DATA PROVIDED:

[Start of Attachment]

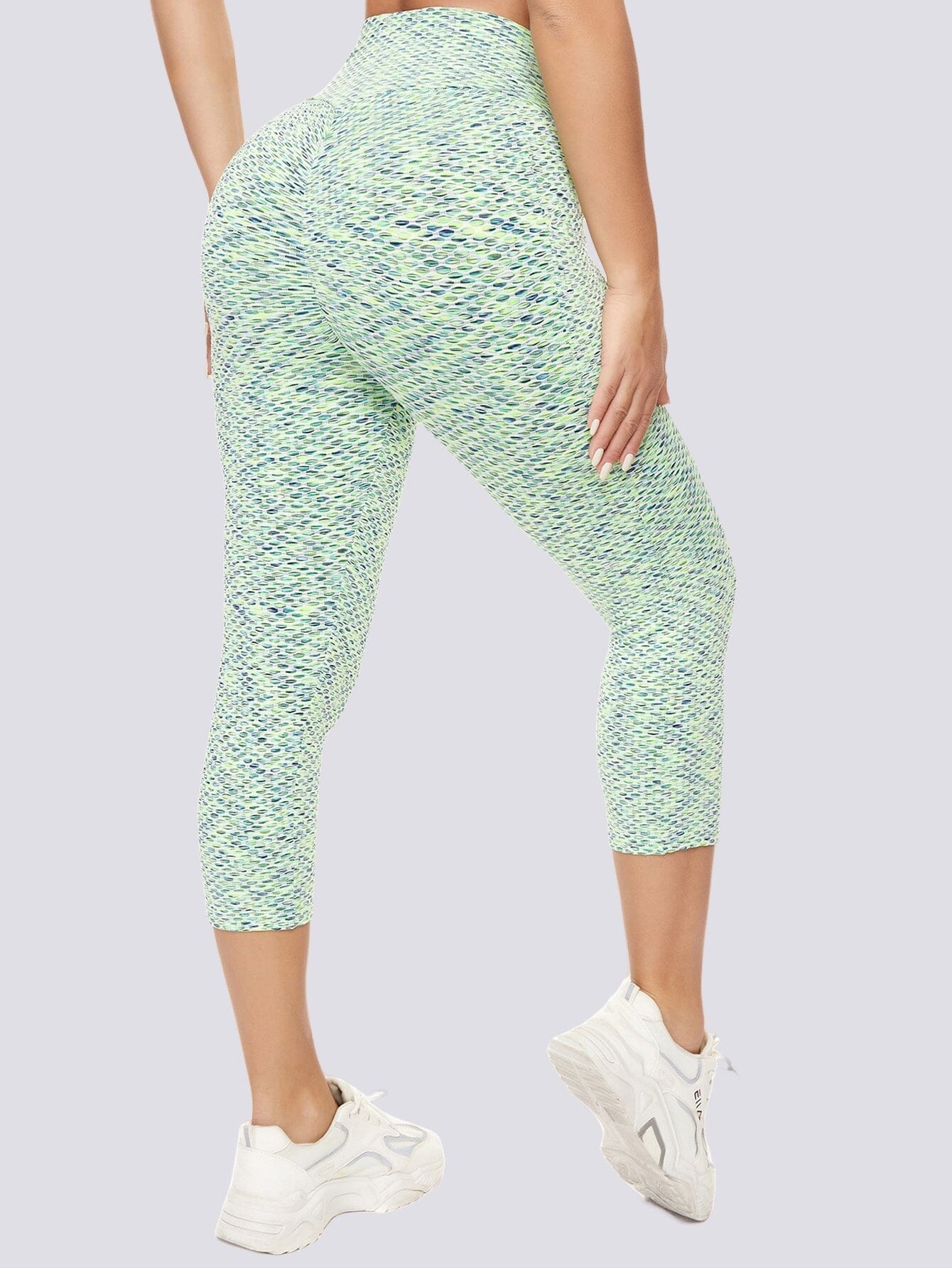 Legging 3/4 Push Up Poche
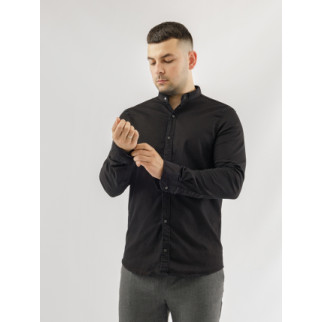 Чоловіча сорочка XL чорний Figo ЦБ-00227207 - Інтернет-магазин спільних покупок ToGether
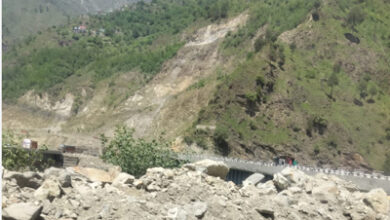 छग के 65 पर्यटक श्रीनगर से कटरा के लिए हुए रवाना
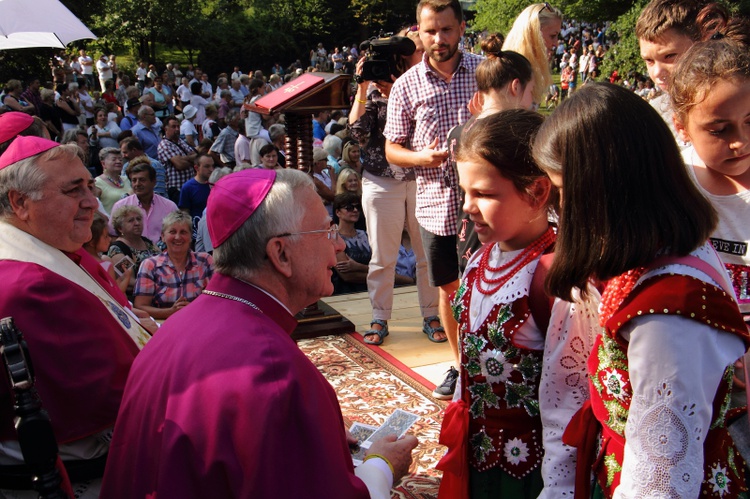 Procesja Zaśnięcia NMP w Kalwarii Zebrzydowskiej 2018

[End of Attachment]

WHAT THE EXERCISE ASKS: The needed output is the lines from the one with "Чоловіча сорочка XL" through the end of the listing, written out exactly, both ends included, pictures excluded.

TASK RESULT:
 Чоловіча сорочка XL чорний Figo ЦБ-00227207 - Інтернет-магазин спільних покупок ToGether
 छग के 65 पर्यटक श्रीनगर से कटरा के लिए हुए रवाना
 Procesja Zaśnięcia NMP w Kalwarii Zebrzydowskiej 2018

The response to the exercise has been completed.